# **GR5242 HW04 Problem 5: Transfer learning with MobileNets**



**For coding questions, look for filling in ########## Your code here ##########; for reflection questions, write down your answers in the "Your Answer:" text block.**

There are many examples of external links to documentation. If you see reference to a `pytorch` or similar object, try hovering over the word to see if documentation is linked.

## Description:
In this homework, you will practice (1) going over the full procedure of training a neural network and (2) extending your knowledge on TF2, by implementing a transfer learning task. You will incorporate the existing [MobileNets](https://arxiv.org/abs/1704.04861) to your own network structure and to classify some new categories of images. Building and fitting the network from scratch is expensive and beyond the scope of this assignment, so you will load the MobileNets model which was pre-trained on the imagenet dataset. The version of MobileNet we're using is V2, which is a family of neural network architectures for efficient on-device image classification and related tasks.

As a general advice, you can refer to the official documentations for more info if necessary.



**Import modules for later usage.**

In [None]:
import torch
import torch.nn as nn
import torchvision.transforms as transforms
from torchvision.datasets import ImageFolder

import matplotlib.pyplot as plt
import numpy as np


print("PyTorch version: ",torch.__version__)

In [None]:
if torch.cuda.is_available():
    print("GPU is available.")
else:
    print("GPU is not available.")

## **Question 1: Download and format the data**

The data we are going to use is the [Oxford flower dataset](http://www.robots.ox.ac.uk/~vgg/data/flowers/102/) which consists of 102 categories of flowers. Each class consists of between 40 and 258 images. The images can be found [here](https://www.robots.ox.ac.uk/~vgg/data/flowers/102/categories.html).

The main difficulty of learninig from this dataset is in the large size of the classes. You may refer to [this paper](http://www.robots.ox.ac.uk/~vgg/publications/2008/Nilsback08/) for what other researchers have done with it.

### (1) Data Pre-processing

First, load the  dataset from Kaggle (https://www.kaggle.com/competitions/oxford-102-flower-pytorch/data) where you can click "Download All" for the flower data. You can also download it directly from the zip file provided.

Then you split the data into training and testing sets. How many training and testing samples do you have?

During the pre-processing stage, we would like to format all the images for the MobileNet module.
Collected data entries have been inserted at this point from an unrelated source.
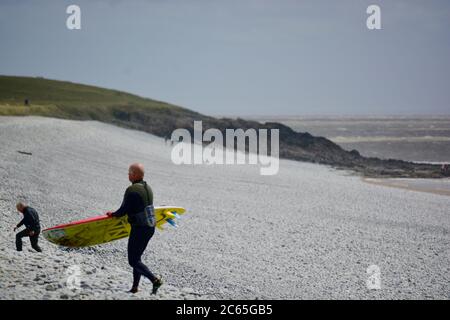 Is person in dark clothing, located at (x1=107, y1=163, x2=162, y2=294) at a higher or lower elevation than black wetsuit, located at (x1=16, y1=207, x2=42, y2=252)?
higher

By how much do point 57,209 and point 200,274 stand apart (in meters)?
7.27

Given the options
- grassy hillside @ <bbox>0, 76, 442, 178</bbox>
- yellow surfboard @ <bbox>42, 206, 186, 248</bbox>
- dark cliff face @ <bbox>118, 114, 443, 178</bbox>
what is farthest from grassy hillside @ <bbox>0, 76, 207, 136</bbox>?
yellow surfboard @ <bbox>42, 206, 186, 248</bbox>

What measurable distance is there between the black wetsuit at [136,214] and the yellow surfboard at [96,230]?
5.98ft

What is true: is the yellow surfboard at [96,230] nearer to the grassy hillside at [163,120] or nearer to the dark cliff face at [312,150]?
the dark cliff face at [312,150]

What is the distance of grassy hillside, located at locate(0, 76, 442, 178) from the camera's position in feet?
139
For this module, the size of the input image is fixed to height x width = 224 x 224 pixels. The input images are expected to have 3 RGB color values in the range [0, 1], following the common image input conventions (analogously to TF 1.x).

In [None]:
# Initialize some parameters
IMG_SIZE = 224
IMG_SHAPE = (IMG_SIZE, IMG_SIZE, 3)

# Define data transformations
transform = transforms.Compose([
    #do not restrain dim1 == dim2 == 224 here
    transforms.Resize((224, 224)),
    transforms.ToTensor(),
    #Custom transform to permute the dimensions
    #data is (3, dim1, dim2), we want (dim1, dim2, 3)
    #transforms.Lambda(lambda x: x.permute(1, 2, 0))
])

#Use validation set(contains labels) as a substitute for test,
#as test set under Kaggle is hidden for submission to compete for highest accuracy


# Assuming you have PyTorch datasets, replace root=' ' with your local directory.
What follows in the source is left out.